Exercise requirements =
Below are some records; quote exactly the lines from the one that contains "浄水と水道水を切り替えて使用できるスッキリとしたデザインの浄水器一体型水栓。" through the one that contains "Ideea iluminata care", inclusive, and no others.

Data supplied =

+-------+

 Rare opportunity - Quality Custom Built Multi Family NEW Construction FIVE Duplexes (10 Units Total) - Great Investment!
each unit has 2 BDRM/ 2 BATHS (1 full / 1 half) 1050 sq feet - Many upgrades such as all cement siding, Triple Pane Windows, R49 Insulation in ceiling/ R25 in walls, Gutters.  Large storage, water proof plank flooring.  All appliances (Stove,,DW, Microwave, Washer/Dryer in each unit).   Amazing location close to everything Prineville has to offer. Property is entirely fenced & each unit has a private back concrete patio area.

+-------+

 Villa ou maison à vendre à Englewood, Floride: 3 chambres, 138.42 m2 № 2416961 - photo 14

+-------+

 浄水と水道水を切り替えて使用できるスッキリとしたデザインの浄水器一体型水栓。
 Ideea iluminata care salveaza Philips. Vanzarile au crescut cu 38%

+-------+

Answer area =
 浄水と水道水を切り替えて使用できるスッキリとしたデザインの浄水器一体型水栓。
 Ideea iluminata care salveaza Philips. Vanzarile au crescut cu 38%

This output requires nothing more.